=== Section Start ===

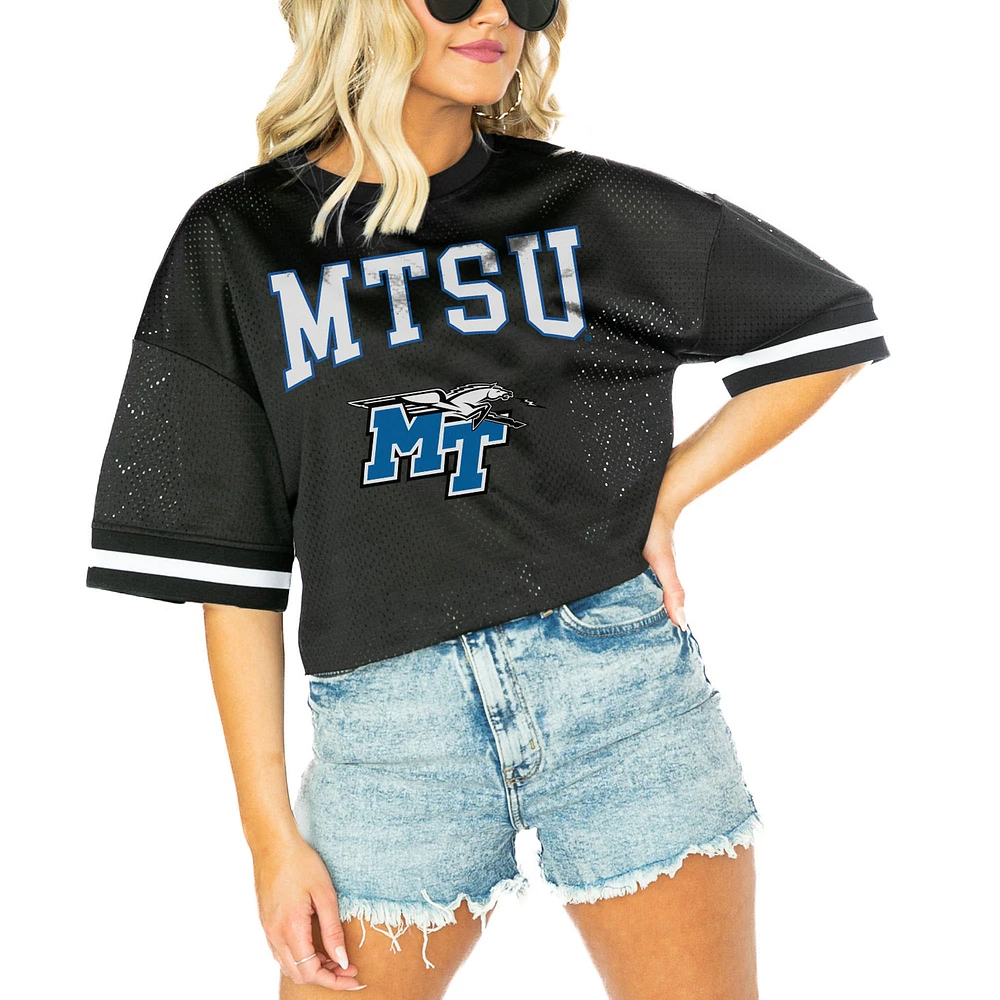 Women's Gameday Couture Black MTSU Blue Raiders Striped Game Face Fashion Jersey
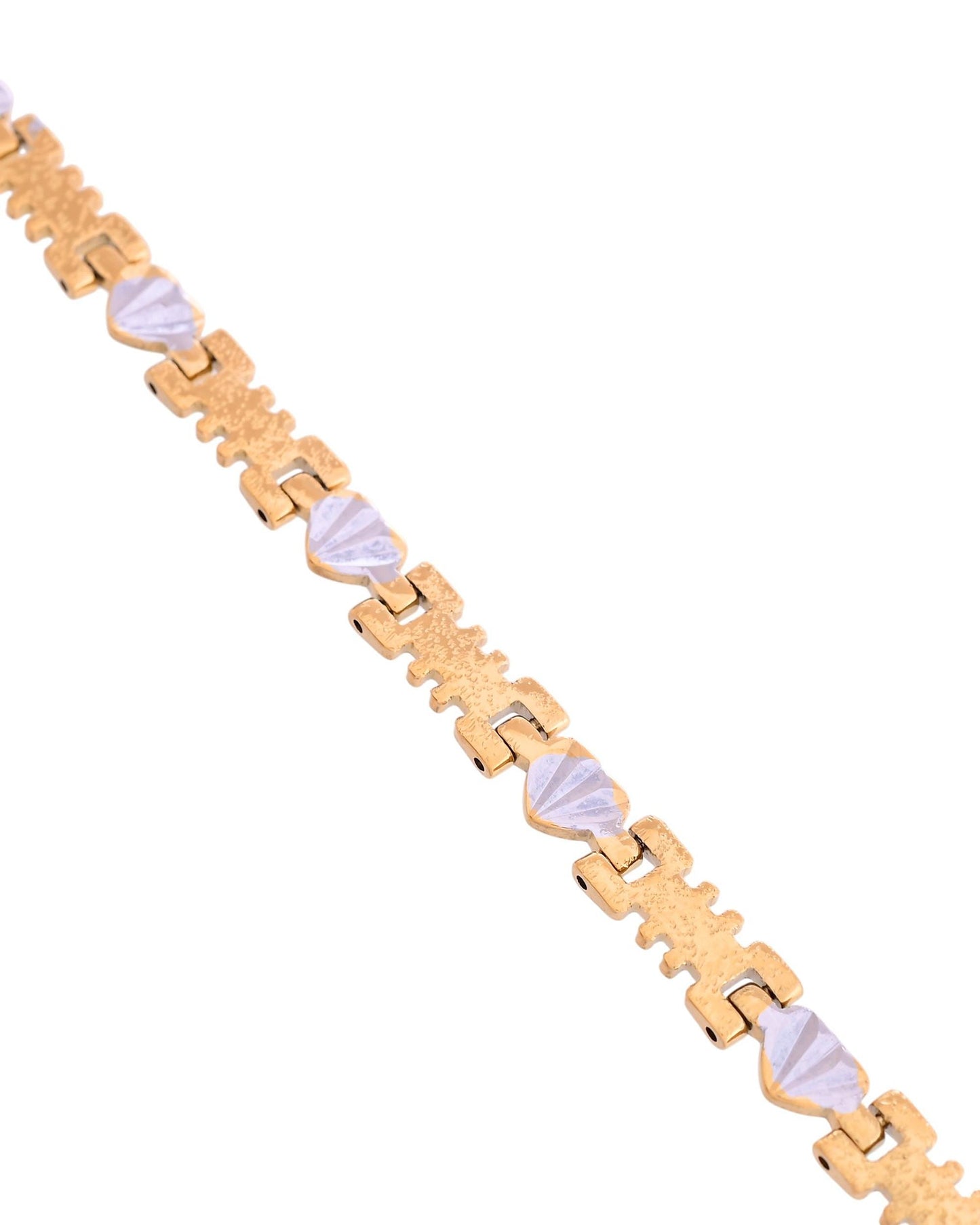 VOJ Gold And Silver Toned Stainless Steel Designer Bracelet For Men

=== Section End ===
=== Section Start ===

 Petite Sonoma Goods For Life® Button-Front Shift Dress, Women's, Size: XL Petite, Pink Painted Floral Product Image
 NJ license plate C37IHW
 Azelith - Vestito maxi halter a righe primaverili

=== Section End ===

> **Problem to solve**: Copy exactly the part of the material above that opens with the line containing "Women's Gameday Couture" and closes with the line containing "VOJ Gold And", ends included. Drop the images.

> **Exercise result**:
 Women's Gameday Couture Black MTSU Blue Raiders Striped Game Face Fashion Jersey
 VOJ Gold And Silver Toned Stainless Steel Designer Bracelet For Men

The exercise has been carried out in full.